For the past eleven years since, the veterans, their families and supporters gathered at the Memorial twice a year–on Memorial Day and Veterans Day–to remember and to pay tribute to those who didn’t return to their beloved home state.
In my memory, Veterans Day 2013 ceremony was quite special, during which Chaplain Father Emil Kapaun’s new granite panel was unveiled. It was etched with the priest’s gallantry and bravery shown on the battleground as well as in the North Korean POW camp along the Yalu River, where Kapaun took care of the sick and dying fellow American inmates until he himself died from dysentery.
That April (2013), Barrack Obama had handed the Medal of Honor, the highest honor given to the U.S. servicemen, to the nephew of the absentee recipient.
This year’s Veterans Day celebration at the Memorial in Overland Park will be yet another special one, because 32 local Korean War Veterans will receive Ambassador for Peace Medals from the South Korean government. The award recipients are from The Jewish War Veterans, Missouri Korean War Veterans Association, inc., Chapter #2, and Kansas Korean War Veterans Association, Inc., Chapter #181. To present the medals, the Korean Consul General from Chicago will fly to Overland Park, and South Korean liaison officer, LTC Kyung-hwan Jung from Ft. Leavenworth will assist him in the ceremony.
The Johnson County government stood behind the Kansas Korean War Veterans Association since its birth in 2000. As soon as nearly 60-members presented their plans to construct a memorial here in Overland Park to honor their fallen combat comrades from the state of Kansas, the City of Overland Park granted them a place for it, next to Trail Ridge Community Center, and the site was dedicated in August 2003. Afterwards, a retired general, General Robert Shirkey, who served in World War II and the Korean War, donated the seed money for the future Memorial.
This kindled the veterans’ passion for the solemn cause, and they launched fundraising campaigns by hosting pancake breakfasts, garage sales, and golf tournaments. Donations came in from all areas of the community: rich and poor, young and old, white and black and yellow.

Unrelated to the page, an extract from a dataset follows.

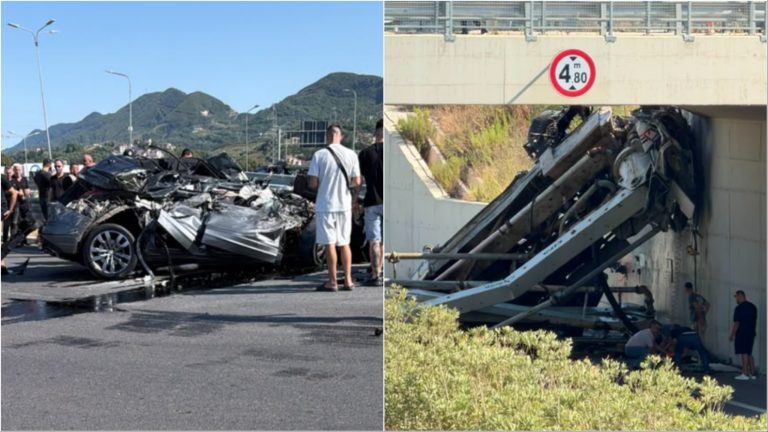 Detaje nga aksidenti te Unaza e Madhe, dyshohet për një viktimë, mjeti i tonazhit të rëndë ra nga ura pas përplasjes me fuoristradën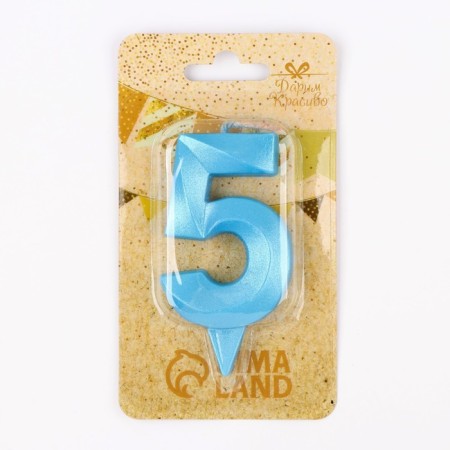 Candle in the Cake "Fine", number "5", blue metallic, 6.5 cm-3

The news eventually reached Washington D.C., and in November 2004, the Bush administration awarded the association $374,280 toward the construction of the memorial, thanks to then U.S. Senators Sam Brownback and Pat Roberts. As a South Korean, who lived through the war as a child and also witnessed the veterans’ unfaltering team spirit in constructing their Memorial here in Overland Park six decades later, I humbly say, “God Bless all Korean War Veterans!”